The ruling by the EU’s General Court follows two years of litigation on the issue, which was taken by the Indonesian producers on the basis that the European Commission had failed to consider all relevant data in its initial ruling that European producers had been undercut by imports from the southeast Asian country.
The Court said that Indonesian exporters did indeed have all the necessary information that enabled them to understand the EC’s calculation and that the EU’s executive – which ultimately decides to set countervailing duties for the bloc – did not commit a “manifest error” in its assessment.
Moreover, because there was no error in the calculation of price undercutting, the Court ruled that the Commission could not be criticized for taking undercutting into account to assess its effects on the EU’s biodiesel sector.
The European Biodiesel Board, which along with the Commission was the target of the litigation, said that the General Court’s ruling this week had confirmed that Indonesia’s export tax is indeed a subsidy within the meaning of the bloc’s Basic Anti-Subsidy Regulation.

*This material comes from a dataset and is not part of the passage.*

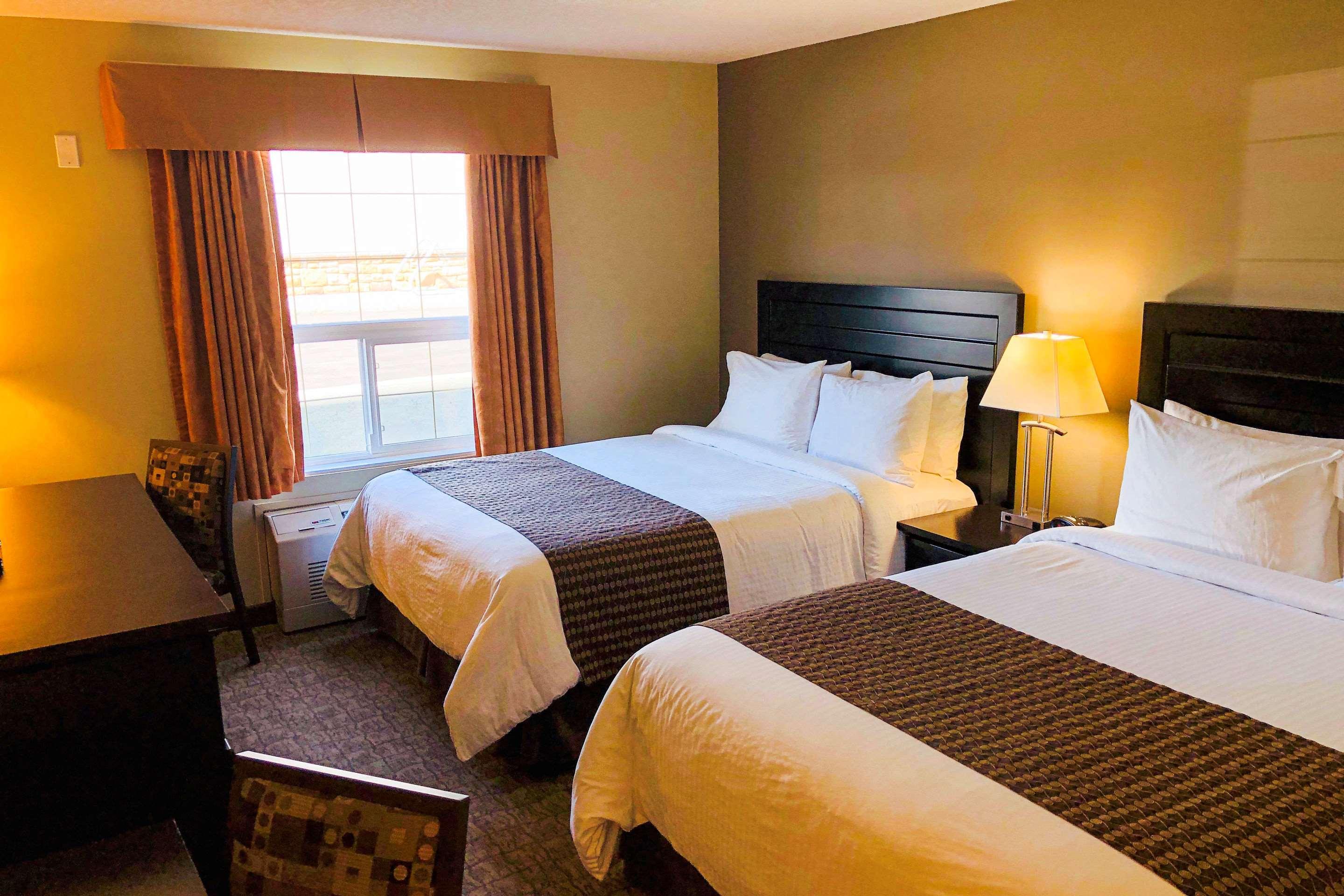 Econo Lodge Okotoks Εξωτερικό φωτογραφία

The EBB said the Court had also concluded that there was a lack of cooperation from Indonesian parties in this case and that the same European judges had ruled that the Indonesian Government had directed that suppliers of crude palm oil should provide their goods “for less than adequate remuneration [in the words of the court]”.
EU ruling to affect Indonesian palm oil exports
The verdict published on the week commencing on December 12 also dismissed contentions from Indonesian producers that the Commission committed a manifest error of assessment in calculating the amount of the benefit conferred by the South East Asian country’s Oil Palm Plantation Fund scheme – effectively a support scheme – by not deducting the transport costs.
The southeast Asian country exported around 530,000 tonnes of palm oil-based biodiesel between January and November, according to figures provided by one of its trade associations, compared with 515,000 tonnes in the full-year 2018 – with most of that volume being shipped to the EU.
Shipments of biodiesel from Indonesia to the EU have slowed to a trickle since mid-2019 after the bloc imposed anti-subsidy duties ranging from 8%-18% on five major exporters.
In response, the three producers - PT Wilmar Bioenergi Indonesia, PT Wilmar Nabati Indonesia, and PT Multi Nabati Sulawesi - initiated litigation based on four pleas.
In dismissing its action, the EU General Court said that the three companies should pay legal costs.